Main supervisor: Anton Frisk Kockum, Associate Professor, Applied Quantum Physics, MC2
Assist. supervisor: Nils Johan Engelsen, Assistant Professor, Quantum Technology, MC2
Assist. supervisor: Ricardo Guriérrez Jáuregui, Associate Professor, Universidad Nacional Autonoma de Mexico

Discussion leader: Alexandru Petrescu, Associate Professor, Mines Paris

Examiner: Janine Splettstösser, Professor, Applied Quantum Physics, MC2

Abstract: Quantum electrical circuits extend the limits of conventional quantum optics and serve as a leading platform for quantum computing, thanks to the flexibility of their light-matter interaction schemes and their ease of fabrication. A central idea in circuit quantum electrodynamics (cQED) is the notion of describing matter and its interaction with microwave fields using lumped elements. In such a description, the geometries of the elements composing the circuit and the spatial distribution of the underlying electromagnetic fields are neglected. However, these simplifications mean that the standard circuit theory may miss interesting and potentially important effects.

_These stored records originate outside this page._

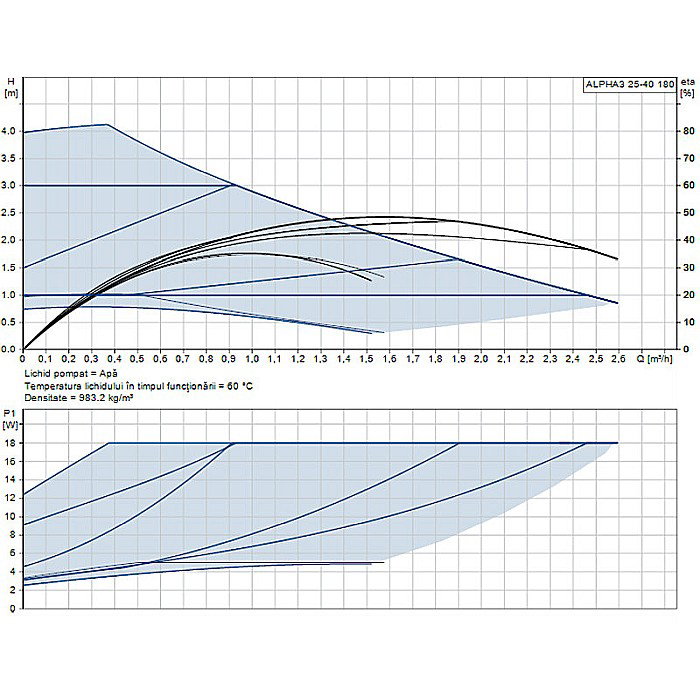 POMPA RECIRCULARE GRUNDFOS ALPHA3 25-40 180 99371956 [2]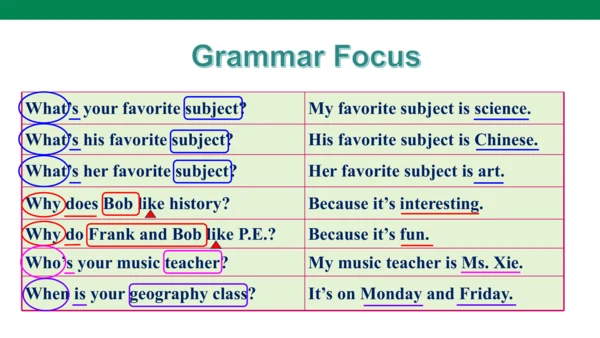 Unit 9 Section A(Grammar focus-3c) 课件 音频（人教新目标七年级上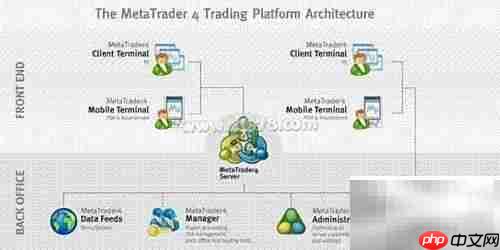 MetaTrader 4交易平台简介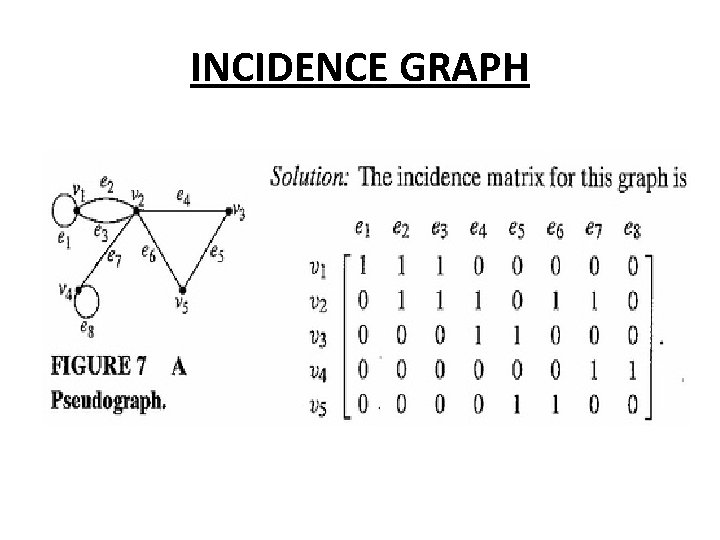 INCIDENCE GRAPH 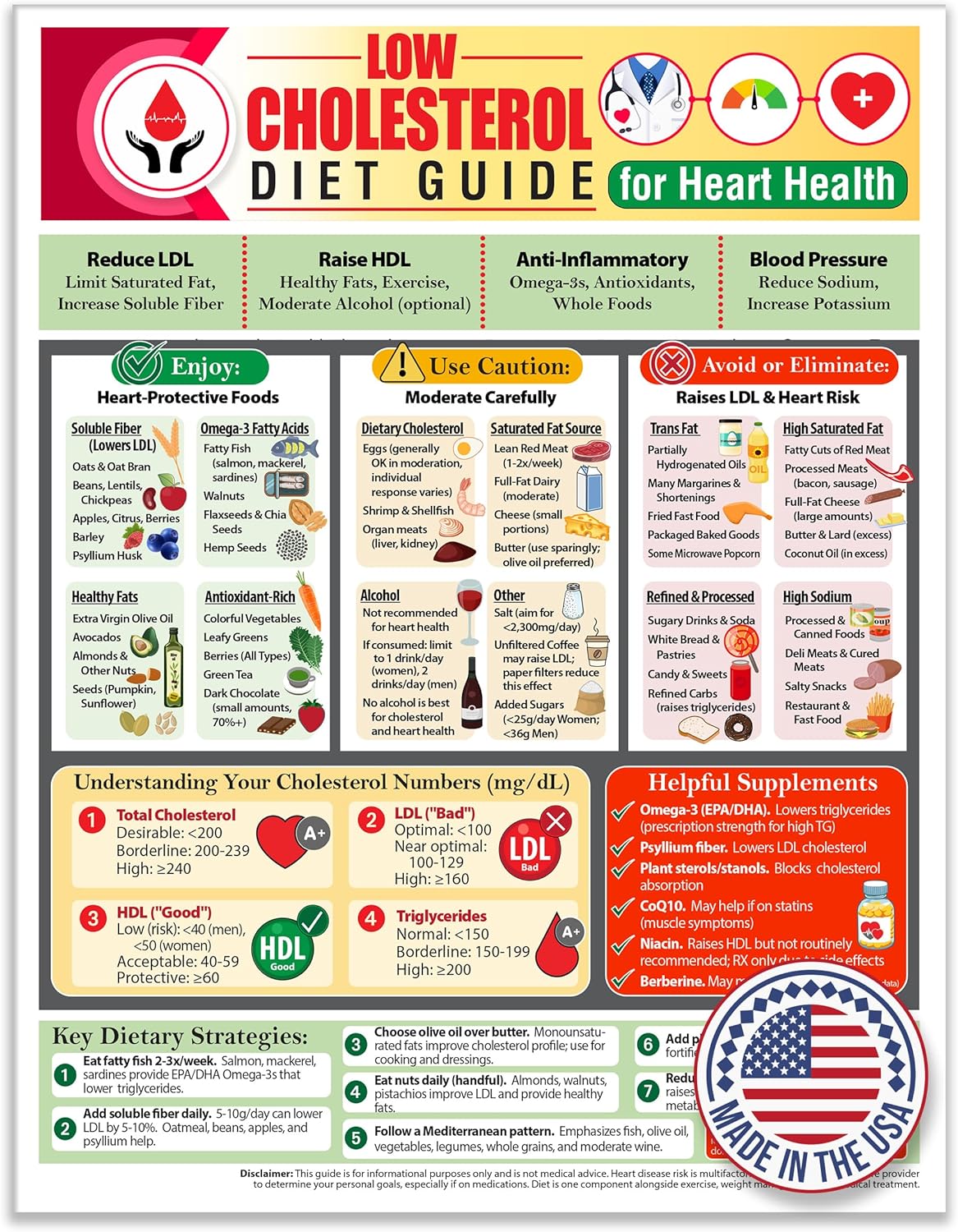Guía de dieta baja en colesterol imán 8.5x11 carta alimentos corazón LDL HDL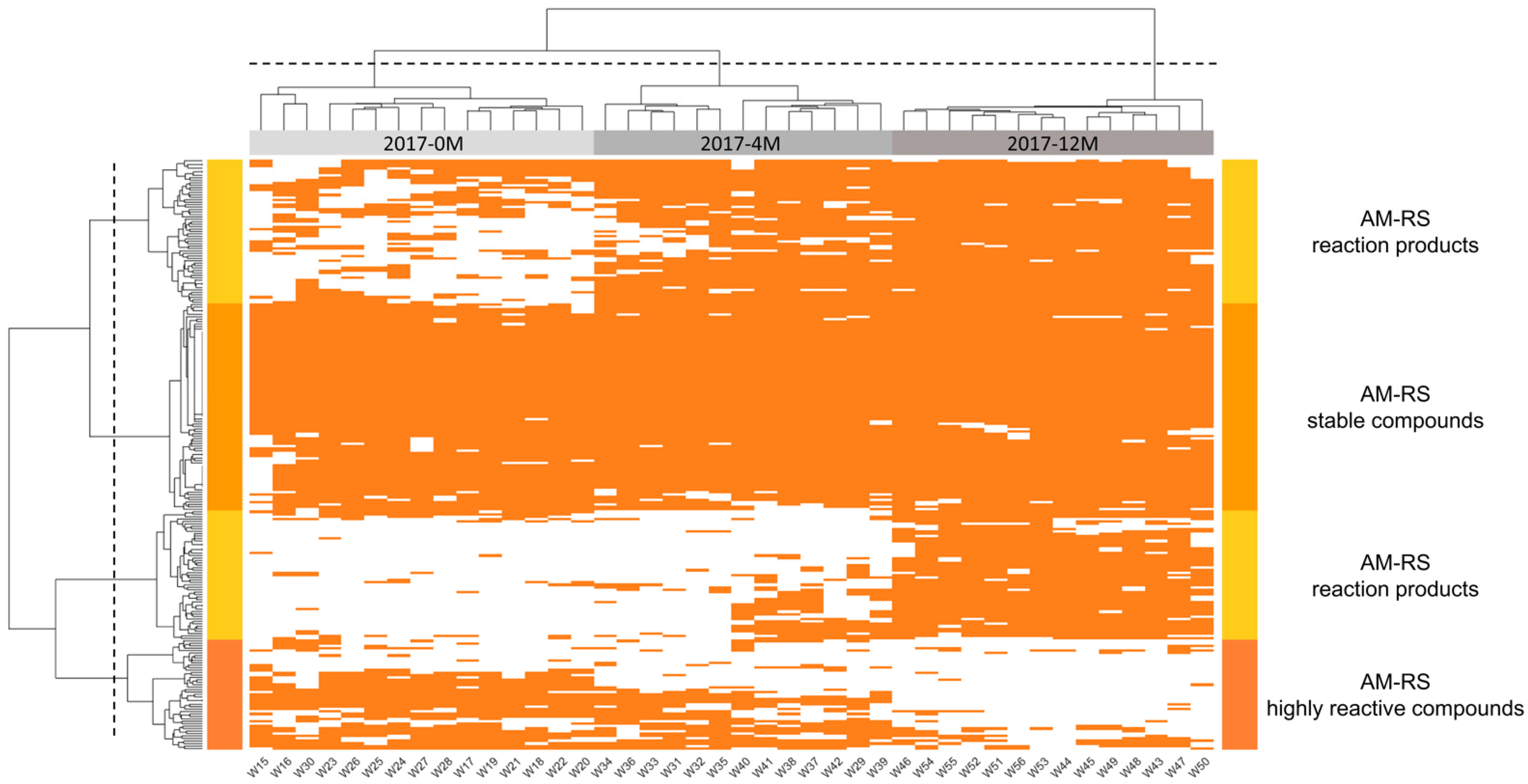 Antioxidants 12 00395 g003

This seminar presents a theory that consistently describes the interaction between a Josephson junction, the fundamental building block of matter in cQED, and external quantum electromagnetic fields. Using a path-integral approach, we derive the theory for this interaction starting from the minimal coupling between the fields and the electrons in each superconductor that compose the Josephson junction. This approach allows us to systematically derive the form of the coupling terms of the resulting theory and clarify the physical assumptions underlying the model.

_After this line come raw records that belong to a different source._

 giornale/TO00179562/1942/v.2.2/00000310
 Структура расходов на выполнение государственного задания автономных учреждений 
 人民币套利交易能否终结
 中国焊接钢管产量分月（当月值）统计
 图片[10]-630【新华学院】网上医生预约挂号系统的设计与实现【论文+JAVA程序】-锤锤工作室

Our framework goes beyond circuit theory by producing interaction Hamiltonians in which the junction degrees of freedom explicitly couple to the electromagnetic fields or potentials, depending on the choice of gauge. For example, when working in Coulomb’s gauge, we obtain an expression that closely resembles the minimal coupling Hamiltonian of charged particles in an electromagnetic field via the scalar and vector potentials. In the multipolar gauge, however, the resulting Hamiltonian is written in terms of the junction’s multipole moments and the electric and magnetic fields. Thus, our theory allows us to explore the role of gauge transformations in cQED and the different, yet physically meaningful, representations they lead to.

As an example, we present the case of a single transmon embedded in vacuum, where non-trivial effects arise from the interplay between the polarization structure of the radiated fields and the junction’s structure. By incorporating the vectorial nature of the fields, our results provide a consistent, gauge-invariant extension of the theory of quantum optics with superconducting circuits, with measurable consequences in current experiments.